Der hessen-nassauische Kirchenpräsident Volker Jung bekräftigt im Vorwort der Handreichung, dass „geschlechtliche Vielfalt eine Herausforderung für kirchliches und kirchenleitendes Handeln“ sei. Dabei gehe es zunächst darum, geschlechtliche Vielfalt wahrzunehmen. Jung: „Das bedeutet für viele ein Umdenken. Wahrnehmung geschlechtlicher Vielfalt verlangt, den Horizont zu öffnen. Es ist nötig, eigene Denkmuster zu überprüfen.“ Dazu gehöre auch, sich vor Augen zu führen, , dass es Menschen gebe, „die sich zwischen oder jenseits eines zweigeschlechtlich definierten Lebens befinden“. Dies gehört nach Jung „zu der Vielfalt, in der Gott uns geschaffen hat.
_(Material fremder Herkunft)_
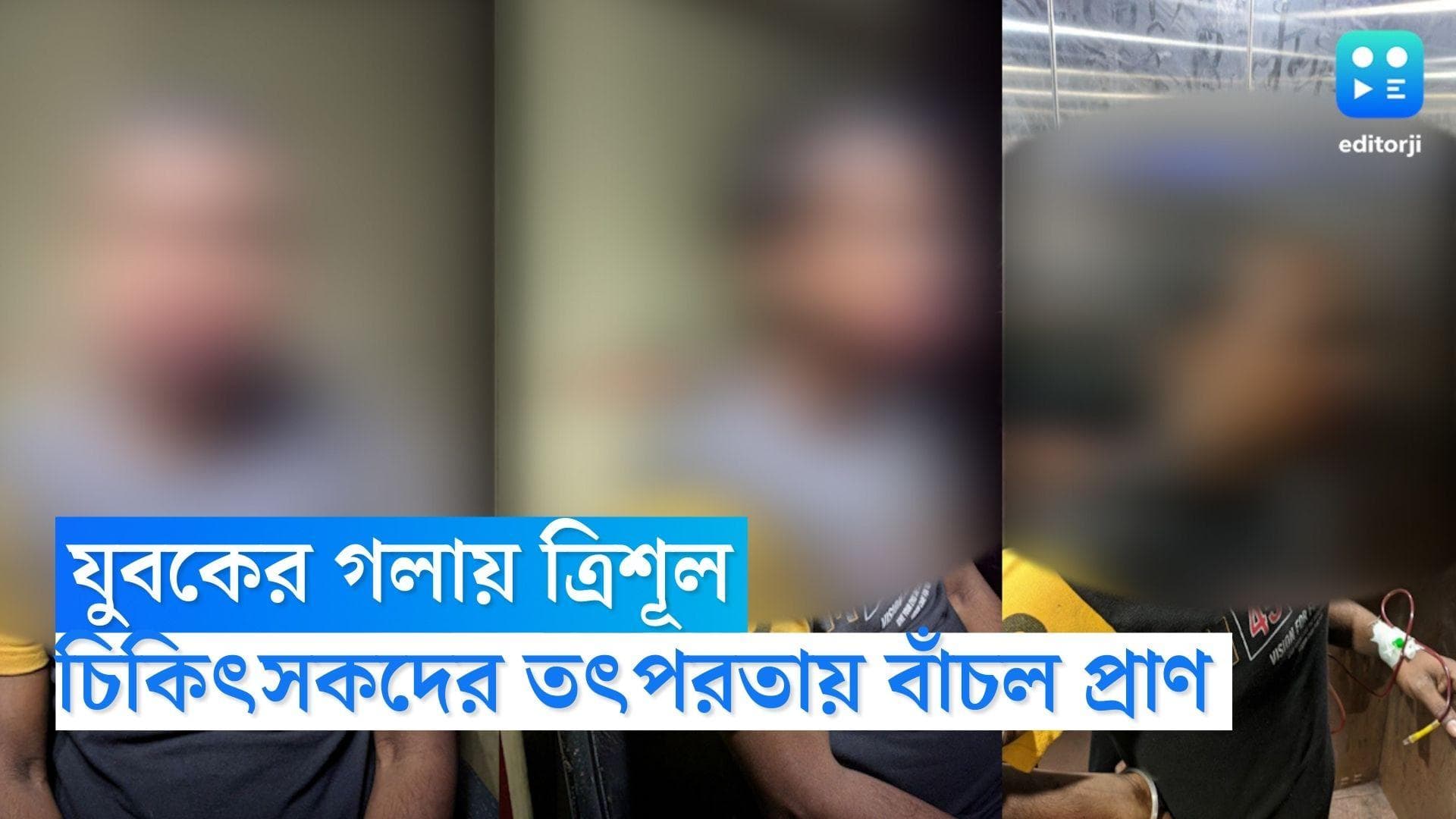 NRS News: গলায় ত্রিশূল এফোঁড় ওফোঁড়, চিকিৎসকদের তৎপরতায় প্রাণে বাঁচল যুবক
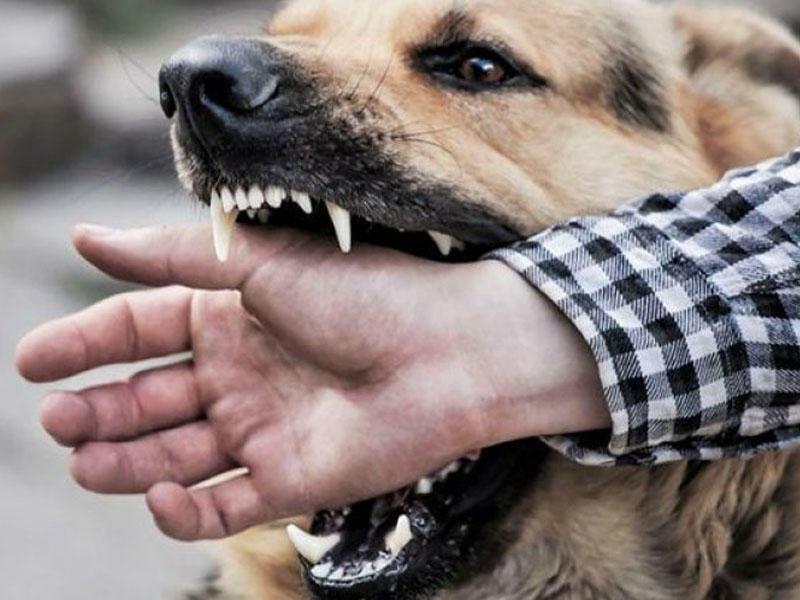 Azərbaycanda hər ay yüzlərlə insanı it dişləyir - Rəsmi
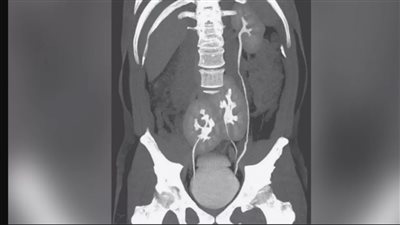 مثانة تنتج كحول ودبوس في قلب ورجل بـ 3 كلى.. أغرب حالات 2020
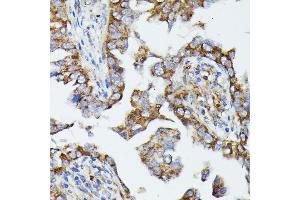 Immunohistochemistry of paraffin-embedded human lung cancer using MTIF2 antibody (ABIN7268591) at dilution of 1:100 (40x lens). (MTIF2 anticorps  (AA 428-727))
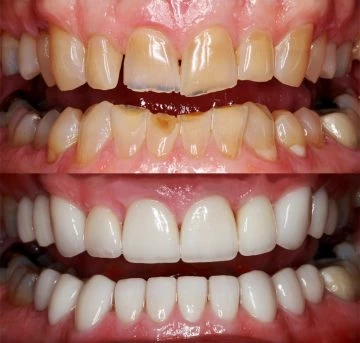 783_Scott_BAT-1
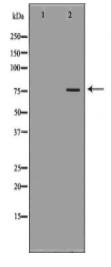 GARS Antibody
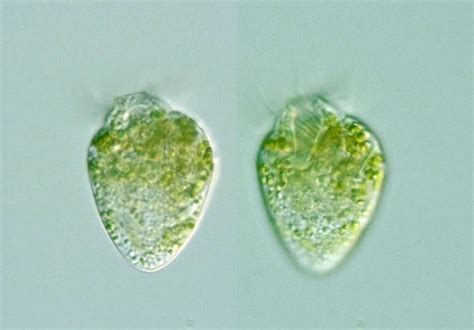  Strombidium: Ein winziges Wesen mit Tentakeln für ein episches Mikrokosmos-Festmahl!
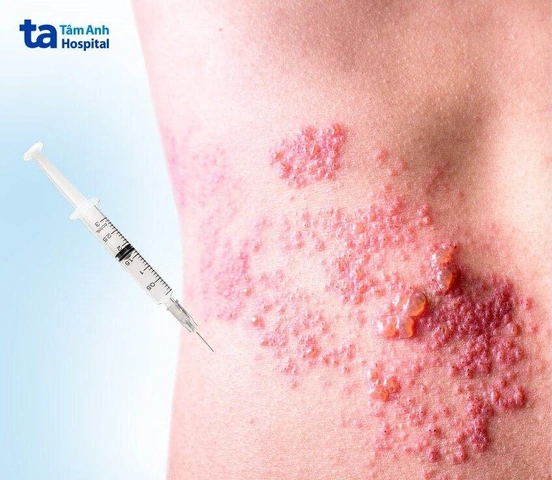 Hình Ảnh Zona Thần Kinh: Nhận Diện, Các Giai Đoạn & Cách Phòng Ngừa Cho Người Bệnh Và Người Chăm Sóc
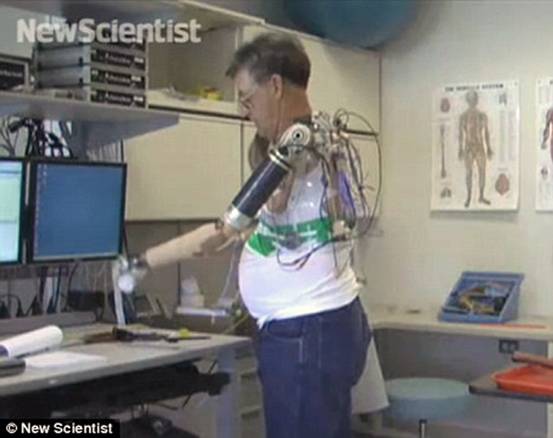科学家发明可用意念操控的假肢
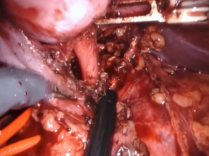 Robot-assisted renovascular reconstruction for renal artery aneurysm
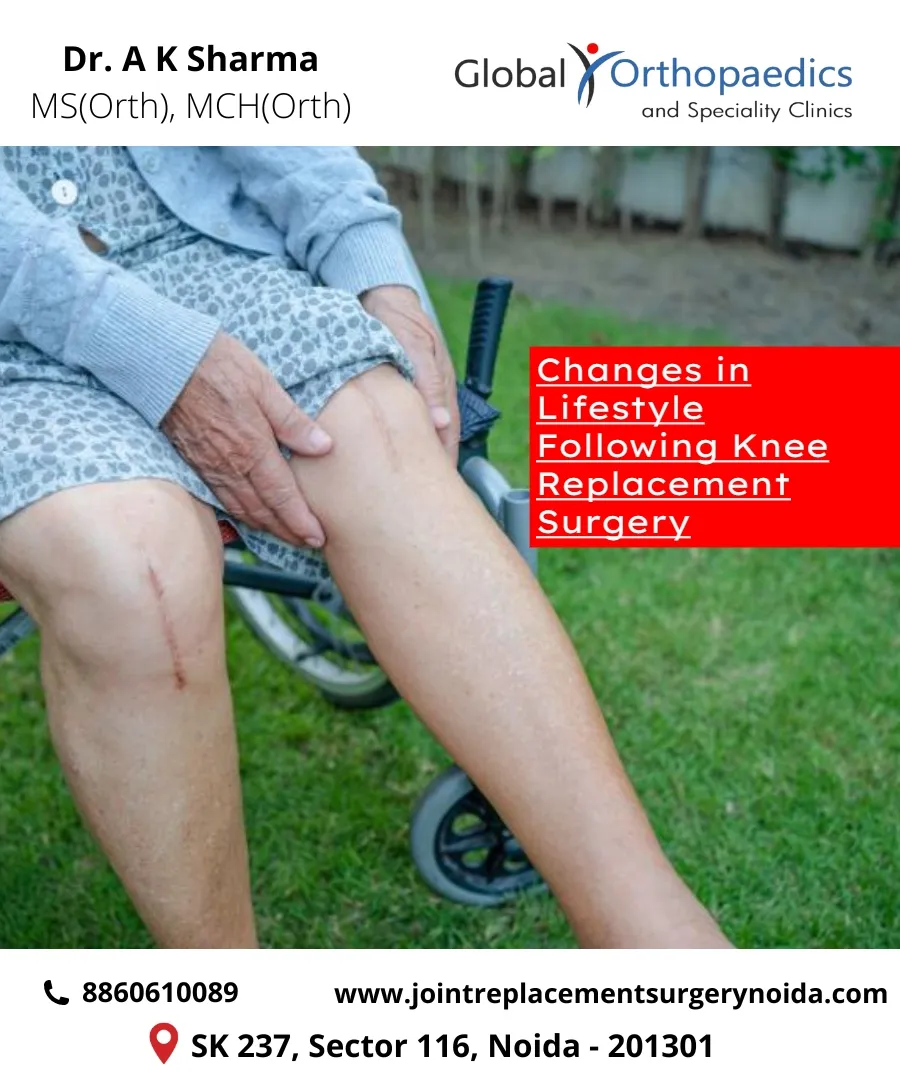 Knee replacement surgery in Noida
A crippling kne...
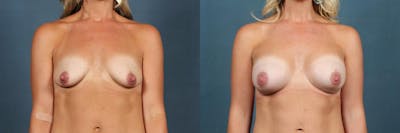 Enlargement - Silicone Before & After Gallery - Patient 161871 - Image 1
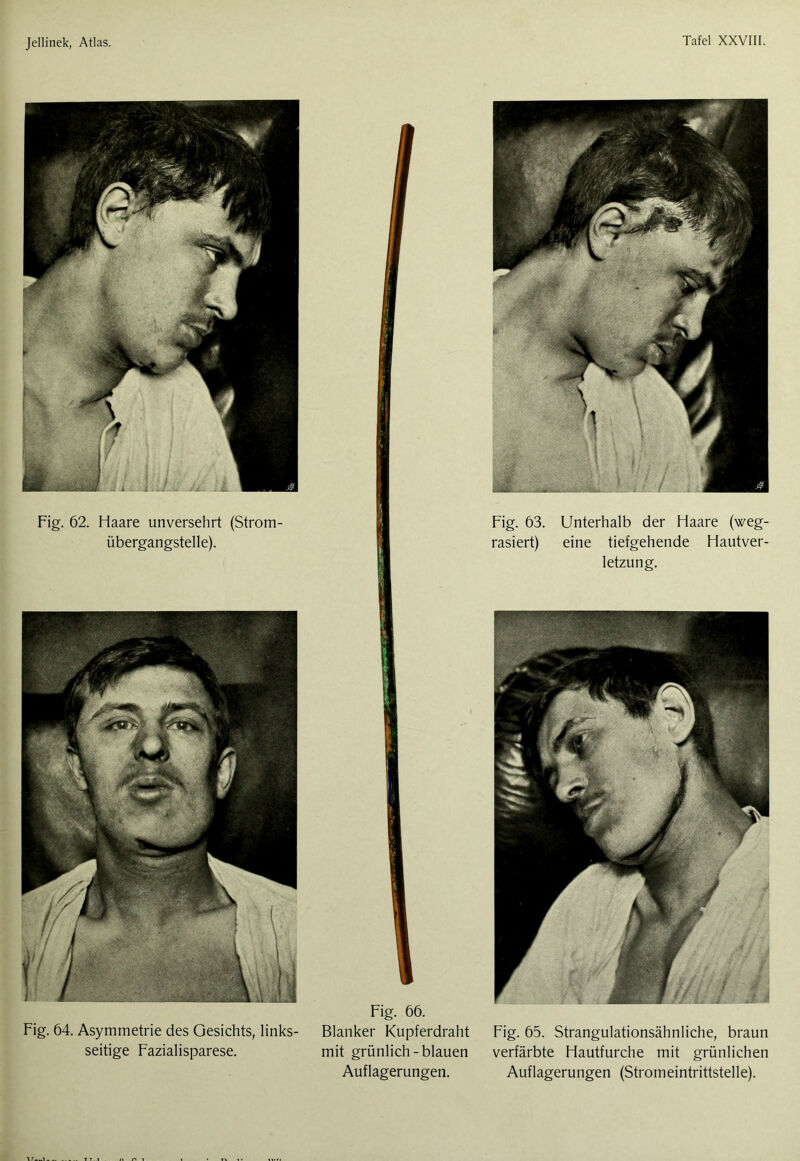 Fig. 62. Haare unversehrt (Strom- übergangstelle). Fig. 64. Asymmetrie des Gesichts, links- seitige Fazialisparese. Fig. 66. Blanker Kupferdraht mit grünlich-blauen Auflagerungen. Fig. 63. Unterhalb der Haare (weg- rasiert) eine tiefgehende Hautver- letzung. Fig. 65. Strangulationsähnliche, braun verfärbte Hautfurche mit grünlichen Auflagerungen (Stromeintrittstelle).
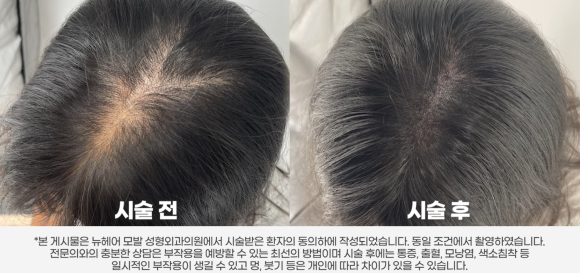 두피문신(SMP), 탈모 고민 완화를 돕는 새로운 방법? 관련 이미지 2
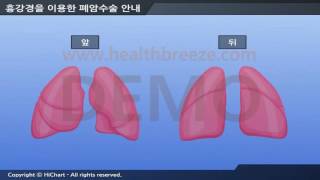 [시연용] c0067abko 축약판 흉강경을 이용한 폐암수술 안내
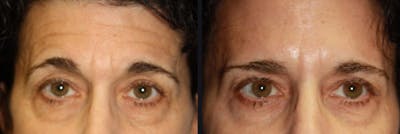 Botox Before & After Gallery - Patient 177904626 - Image 1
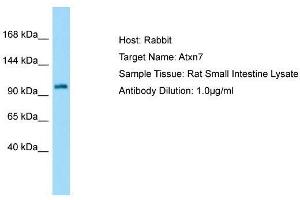 Host: Rabbit  Target Name: Atxn7  Sample Tissue: Rat Small Intestine lysates  Antibody Dilution: 1.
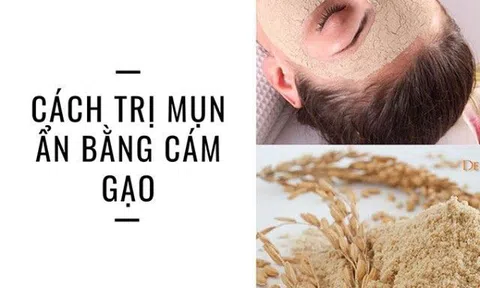 18 Cách trị mụn ẩn tại nhà bằng thiên nhiên an toàn hiệu quả nhất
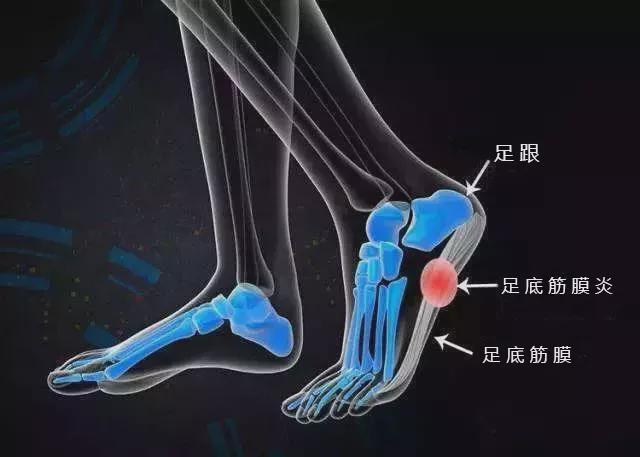 v2-0eaa66b82a22cd71204f60db190bfa44_1440w.jpg?source=172ae18b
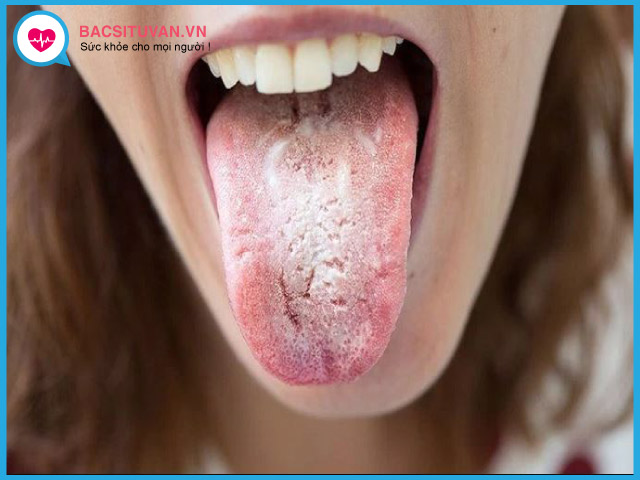 Biểu hiện triệu chứng của nấm lưỡi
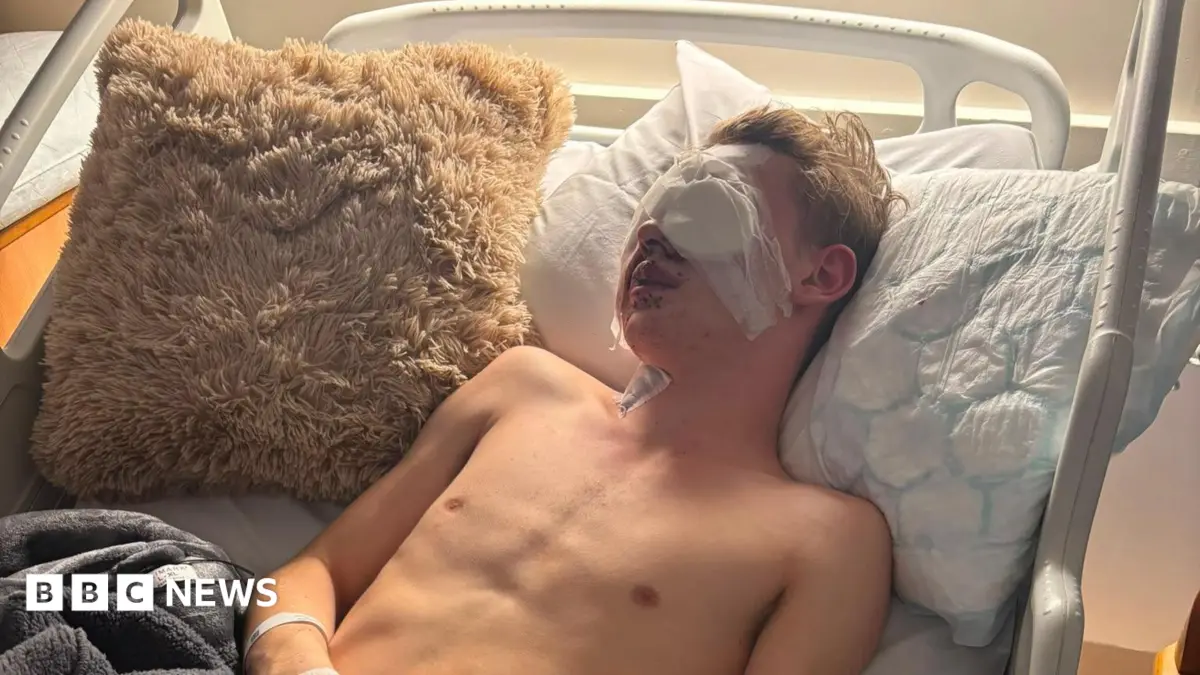 Tom Parnaby, 18, Calls for Firework Sales Ban After Bonfire Night Blindness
Wer das bejaht, kann dazu beitragen, Diskriminierung aufgrund von Geschlecht und sexueller Orientierung zu beenden.“ Jung erklärt weiter: „Hier dürfen wir nicht hinter dem Anspruch zurückbleiben, aus der Kraft des Evangeliums heraus Menschen zu helfen, ein Leben in Würde und Freiheit zu führen.“
Auf 40 Seiten zeigt die aufwändig illustrierte Broschüre theologische Grundlinien auf, weist auf neueste Erkenntnisse der Hirnforschung sowie medizinische und rechtliche Aspekte hin und lässt Betroffene eindrucksvoll selbst zu Wort kommen. Zentral ist dabei unter anderem der Fokus auf die biblische Schöpfungsgeschichte, die auf die Vielfalt des Lebens hinweise, und Gedanken des Apostels Paulus, nach dem im Glauben an Christus alle Abgrenzungen zwischen Menschen überwunden werden. Ergänzt wird die Handreichung durch einen ausführlichen Beratungsteil und Praxistipps. So wird etwa beschrieben, wie das Thema bei Jugendlichen sensibel in der Seelsorge angesprochen werden kann oder sich eine Kirchengemeinde beispielsweise konstruktiv mit der Frage nach einer dritten Toilette beschäftigen kann.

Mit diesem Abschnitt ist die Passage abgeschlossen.